What the exercise asks: Exclude all pictures. Then restate, word for word, the entries from the first line through the line that contains "Detergente máquina cápsulas".

----------------

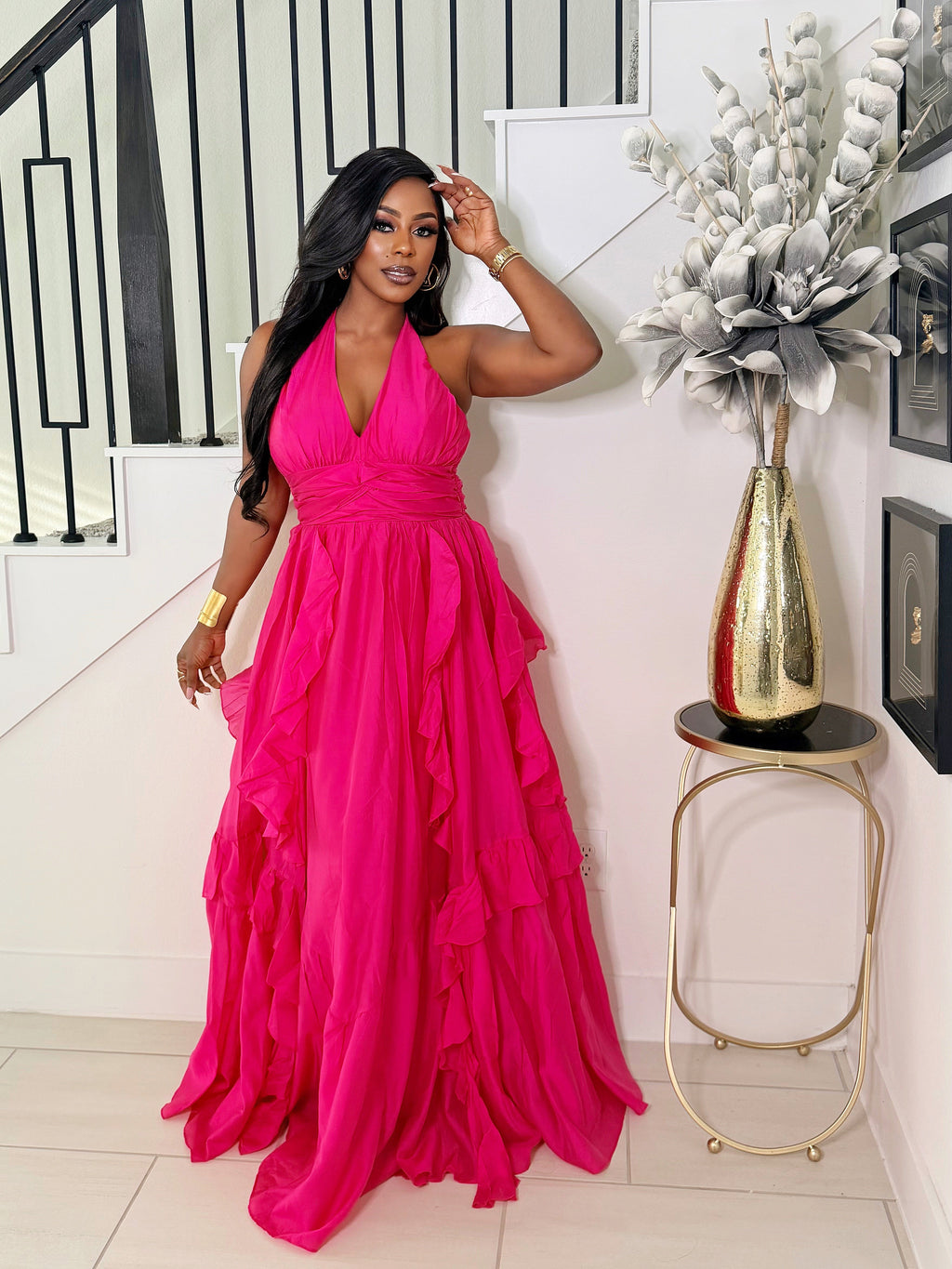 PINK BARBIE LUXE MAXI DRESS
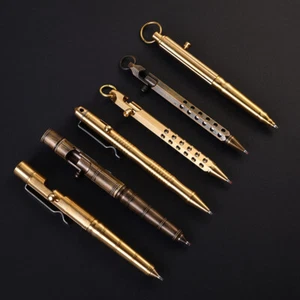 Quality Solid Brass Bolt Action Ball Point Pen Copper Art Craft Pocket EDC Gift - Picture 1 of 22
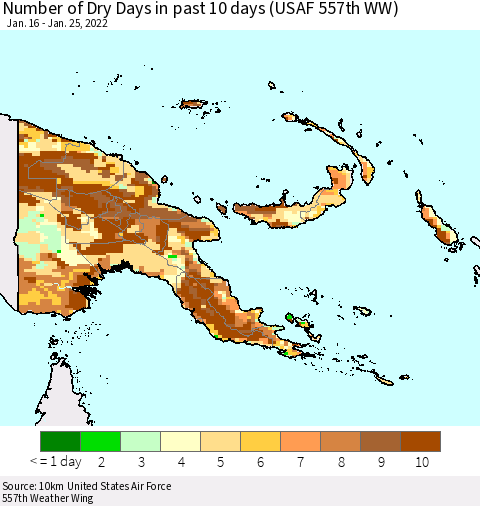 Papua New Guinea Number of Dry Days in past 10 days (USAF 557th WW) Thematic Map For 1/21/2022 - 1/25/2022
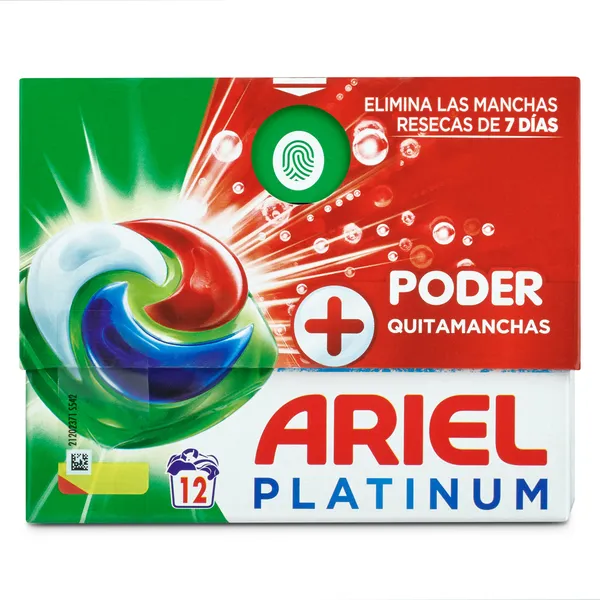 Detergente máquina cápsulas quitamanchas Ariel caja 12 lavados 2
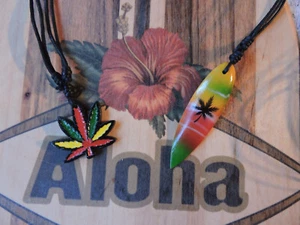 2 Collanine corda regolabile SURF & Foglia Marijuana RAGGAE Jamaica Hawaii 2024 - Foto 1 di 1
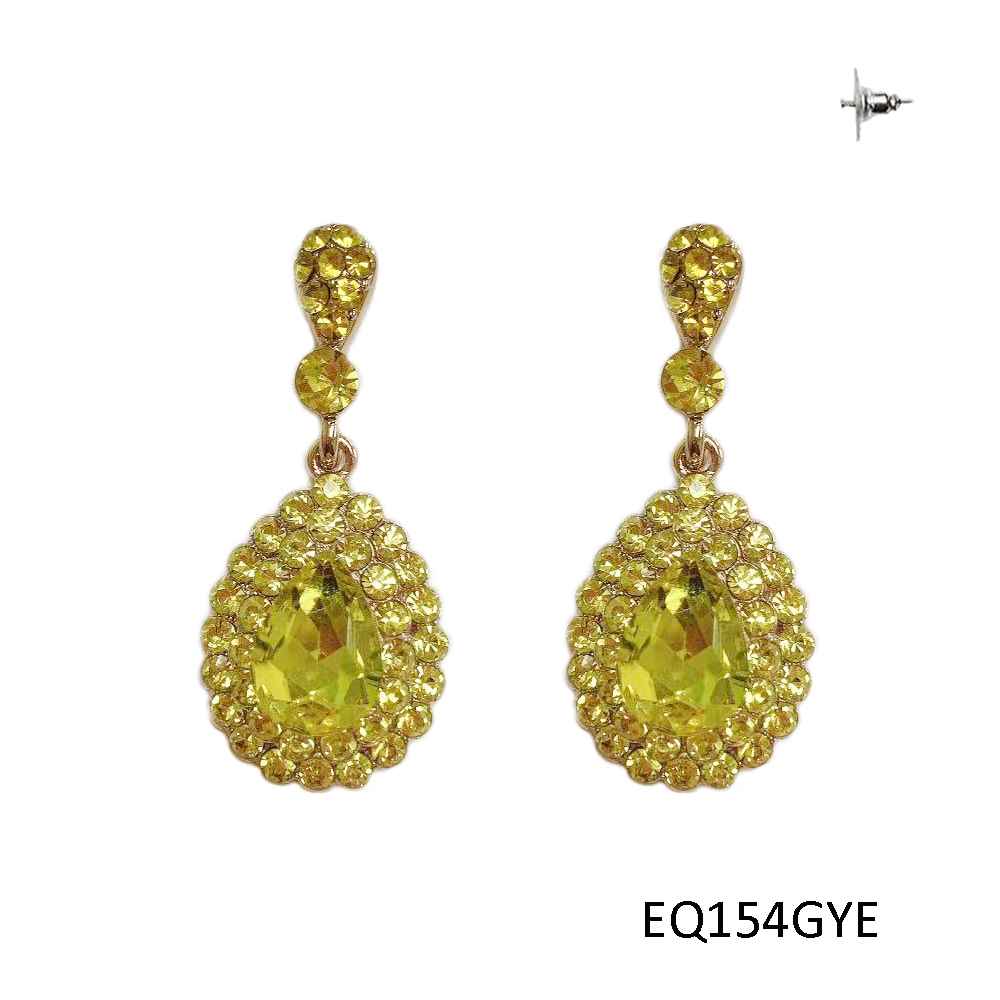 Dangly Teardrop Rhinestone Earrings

----------------

Response area:
 PINK BARBIE LUXE MAXI DRESS
 Quality Solid Brass Bolt Action Ball Point Pen Copper Art Craft Pocket EDC Gift - Picture 1 of 22
 Papua New Guinea Number of Dry Days in past 10 days (USAF 557th WW) Thematic Map For 1/21/2022 - 1/25/2022
 Detergente máquina cápsulas quitamanchas Ariel caja 12 lavados 2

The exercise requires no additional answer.